# Straining Honey



## power napper (Apr 2, 2005)

After all the bubbles and wax rise to the top in a couple days, place a piece of plastic wrap on top of the container and let it make contact with the surface--gently pat it down--when you lift up the plastic wrap the floaters come with it, you may have to do it more than one time. Have a plate or something to slide under the dripping plastic wrap so you do not get the honey everywhere.


----------



## [email protected] (Aug 1, 2004)

Go to any fabric store and ask for Organdy. It is a type of nylon and is great for straining honey. But...honey must be at least 110 degrees to go through it!


----------



## Sundance (Sep 9, 2004)

Here's a handy 5 gallon filter that comes in 100, 200, 300, and 400 micron mesh.
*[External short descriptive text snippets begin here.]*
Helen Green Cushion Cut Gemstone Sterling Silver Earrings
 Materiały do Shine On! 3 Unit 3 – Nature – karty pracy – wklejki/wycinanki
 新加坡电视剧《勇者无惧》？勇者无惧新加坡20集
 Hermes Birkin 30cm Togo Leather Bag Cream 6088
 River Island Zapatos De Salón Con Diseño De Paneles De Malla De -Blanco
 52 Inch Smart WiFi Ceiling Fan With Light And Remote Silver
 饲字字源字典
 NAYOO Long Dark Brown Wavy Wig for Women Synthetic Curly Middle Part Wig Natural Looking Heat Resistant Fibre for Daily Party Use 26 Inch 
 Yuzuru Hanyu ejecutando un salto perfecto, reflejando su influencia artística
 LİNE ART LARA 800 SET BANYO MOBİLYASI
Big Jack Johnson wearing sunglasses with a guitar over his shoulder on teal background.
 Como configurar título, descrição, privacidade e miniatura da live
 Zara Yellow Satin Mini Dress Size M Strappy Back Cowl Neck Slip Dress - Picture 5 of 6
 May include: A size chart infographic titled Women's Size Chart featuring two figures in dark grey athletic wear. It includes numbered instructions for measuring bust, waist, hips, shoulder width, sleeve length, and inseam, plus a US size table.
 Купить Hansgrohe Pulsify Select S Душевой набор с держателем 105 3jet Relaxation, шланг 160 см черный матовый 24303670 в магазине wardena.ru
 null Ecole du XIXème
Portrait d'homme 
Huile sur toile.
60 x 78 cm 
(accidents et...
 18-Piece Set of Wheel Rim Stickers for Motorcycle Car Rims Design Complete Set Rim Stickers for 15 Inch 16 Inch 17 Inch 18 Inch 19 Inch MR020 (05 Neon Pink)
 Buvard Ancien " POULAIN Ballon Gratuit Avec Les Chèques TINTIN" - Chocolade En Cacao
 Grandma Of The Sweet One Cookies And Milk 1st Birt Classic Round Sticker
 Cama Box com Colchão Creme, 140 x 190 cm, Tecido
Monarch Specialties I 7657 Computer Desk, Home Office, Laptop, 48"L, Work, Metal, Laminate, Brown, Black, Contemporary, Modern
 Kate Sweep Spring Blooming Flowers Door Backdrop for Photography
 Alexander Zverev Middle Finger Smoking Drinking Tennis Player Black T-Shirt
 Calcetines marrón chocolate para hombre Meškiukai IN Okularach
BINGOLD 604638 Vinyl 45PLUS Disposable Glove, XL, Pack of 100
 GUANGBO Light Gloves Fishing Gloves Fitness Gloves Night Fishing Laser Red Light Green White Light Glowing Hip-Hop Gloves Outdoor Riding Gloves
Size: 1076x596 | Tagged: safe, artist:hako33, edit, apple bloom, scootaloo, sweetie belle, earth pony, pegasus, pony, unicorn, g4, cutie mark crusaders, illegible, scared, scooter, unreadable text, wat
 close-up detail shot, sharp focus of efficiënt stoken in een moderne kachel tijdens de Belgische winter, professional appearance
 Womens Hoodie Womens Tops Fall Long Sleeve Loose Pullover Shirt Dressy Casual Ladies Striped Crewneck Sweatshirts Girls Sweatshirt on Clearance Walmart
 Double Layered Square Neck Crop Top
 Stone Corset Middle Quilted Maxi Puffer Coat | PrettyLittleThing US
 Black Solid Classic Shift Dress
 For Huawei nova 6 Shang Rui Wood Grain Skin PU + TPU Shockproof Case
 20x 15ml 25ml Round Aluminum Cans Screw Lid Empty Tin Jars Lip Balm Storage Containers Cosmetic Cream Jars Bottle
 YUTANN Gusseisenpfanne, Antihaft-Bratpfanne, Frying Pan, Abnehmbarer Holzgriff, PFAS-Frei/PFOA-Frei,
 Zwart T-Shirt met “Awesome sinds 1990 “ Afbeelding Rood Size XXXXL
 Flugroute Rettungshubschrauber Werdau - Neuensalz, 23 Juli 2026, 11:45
http://cgi.ebay.com/ebaymotors/5-Gallon-Bucket-top-strainer-filter-100-MICRON_W0QQcmdZViewItemQQcategoryZ33660QQitemZ8063994243QQrdZ1QQsspagenameZWDVW


----------



## AstroBee (Jan 3, 2003)

You can get the same 5 gal filter from Dadant for almost $2 cheaper. See:

http://www.dadant.com/catalog/product_info.php?cPath=35_75&products_id=419


----------